My wife and I planned a trip to Egypt and wanted to try and get a handle on the history before we went. This course fully prepared us for the trip and we got so much more from the sites and places we visited. We were able to talk to our guides about details of what we were seeing an not just the basic "how old is this thing." The guides loved that we knew some history and they really opened up. They also know of prof Bob Brier and studied his work in their classes. The lectures are awesome, Prof Bob does a great job bringing the history to life.
If you are interested in Egypt's history, this is a great, bite-sized place to start (or refresh).
I call it the Egyptian History Anabolic Steroid because, it's going to pump up a lot of Egyptian history into you in a very short amount of time.
1. Bob Brier.
2. Covers most aspects of Egyptian history without you getting bored.
3. The voice, accent and the vocabulary is such that it can he enjoyable to listen by any person who knows English across the continents.
1. You will hear your Mom/Wife complain you should not keep your earphones in throughout the day.
2. You will not be able to concentrate much on your work.
3. You will search for more audio books by Great Courses and end up burning a hole in your pocket.
Professor Bob Brier
Very passionate about subject.
After listening to Prof Brier, I decided to rent 3D documentary Mummies: Secrets on the Pharaohs.
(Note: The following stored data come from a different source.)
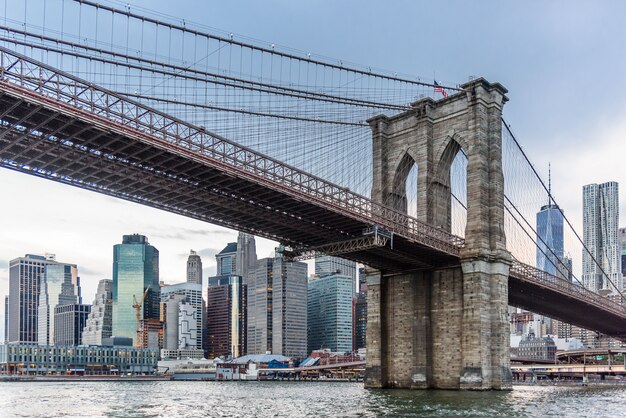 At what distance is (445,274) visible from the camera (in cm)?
6525

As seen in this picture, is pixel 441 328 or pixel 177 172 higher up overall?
pixel 177 172

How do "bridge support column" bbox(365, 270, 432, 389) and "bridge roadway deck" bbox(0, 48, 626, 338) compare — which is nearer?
"bridge roadway deck" bbox(0, 48, 626, 338)

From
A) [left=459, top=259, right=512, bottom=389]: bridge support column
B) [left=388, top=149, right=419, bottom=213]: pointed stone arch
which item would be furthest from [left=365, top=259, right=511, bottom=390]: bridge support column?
[left=388, top=149, right=419, bottom=213]: pointed stone arch

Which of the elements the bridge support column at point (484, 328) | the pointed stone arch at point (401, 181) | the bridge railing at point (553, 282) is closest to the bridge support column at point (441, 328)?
the bridge support column at point (484, 328)

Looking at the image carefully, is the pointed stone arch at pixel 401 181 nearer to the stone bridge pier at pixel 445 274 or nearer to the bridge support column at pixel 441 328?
the stone bridge pier at pixel 445 274

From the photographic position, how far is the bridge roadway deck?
125ft

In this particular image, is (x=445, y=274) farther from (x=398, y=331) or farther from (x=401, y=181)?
(x=401, y=181)

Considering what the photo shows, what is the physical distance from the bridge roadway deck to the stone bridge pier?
214 centimetres

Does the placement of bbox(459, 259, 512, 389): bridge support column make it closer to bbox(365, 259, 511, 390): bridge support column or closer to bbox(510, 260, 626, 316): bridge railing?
bbox(365, 259, 511, 390): bridge support column

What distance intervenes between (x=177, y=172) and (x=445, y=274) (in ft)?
91.1

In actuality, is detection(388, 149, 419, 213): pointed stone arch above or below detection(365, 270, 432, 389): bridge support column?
above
Halfway through the documentary guess who shows up? It's Bob Brier! I also recommend you watch this documentary in 3D. I felt like i visited the pyramids already after listening to this book and watching the documentary. All this without even leaving my home. Sure beats the hassle out of traveling to Egypt.
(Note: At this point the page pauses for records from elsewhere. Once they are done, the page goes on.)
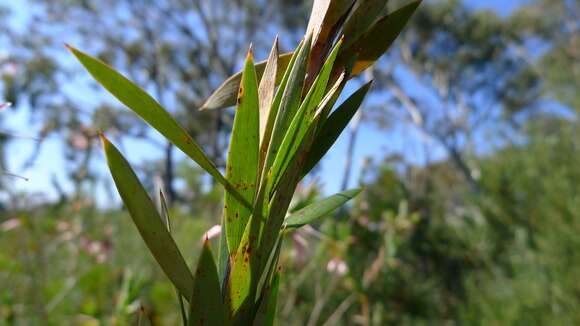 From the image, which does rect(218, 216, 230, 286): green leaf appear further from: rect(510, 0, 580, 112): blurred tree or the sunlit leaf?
rect(510, 0, 580, 112): blurred tree

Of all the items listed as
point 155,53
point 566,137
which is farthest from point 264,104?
point 155,53

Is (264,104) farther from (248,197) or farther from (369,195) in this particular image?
(369,195)

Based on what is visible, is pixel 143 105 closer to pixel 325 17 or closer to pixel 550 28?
pixel 325 17

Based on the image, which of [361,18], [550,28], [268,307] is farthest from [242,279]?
[550,28]

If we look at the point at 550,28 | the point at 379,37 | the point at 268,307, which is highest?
the point at 550,28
I really enjoyed this course as a thorough exploration of Egypt's incredible history. Professor Brier organizes the course to take you through the chronological history while also taking nice side detours on interesting topics about the Egyptians (hieroglyphs, mummies, etc). Highly recommend the course for anyone that is interested in the learning more about this incredible civilization and its influence on the world. Thanks Professor Brier!
These lectures are a complete masterpiece, start to finish. Incredibly organized, in a chronological order with a few fascinating side trips, this not only gave me a satisfying amount of information on the subject, but also ignited a new found passion for ancient history.
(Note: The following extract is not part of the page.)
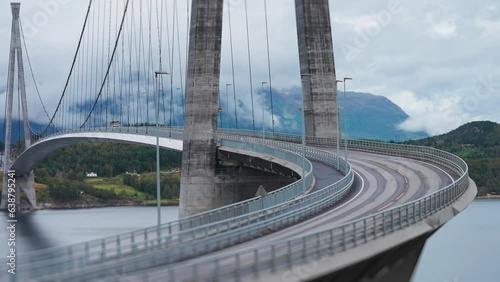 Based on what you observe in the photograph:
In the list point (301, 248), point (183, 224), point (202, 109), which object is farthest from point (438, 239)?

The depth of Bob Brier's knowledge and passion is truly nothing less of inspiring. He is meticulous when it comes to the smallest details, and that served to breathe real life into the characters he was describing, as well as create detailed descriptions of specific times, scenes from ancient history.
Detailed, coherent story from the beginning to the end, I believe this is a must not only for someone like myself, an amateur history enthusiast, but for a more seasoned scholar as well.
Excellent, course. The professor repeats himself about every 20 or so seconds so that becomes irritating pretty quickly. The content is very well organized and presented. Piqued my interest for sure.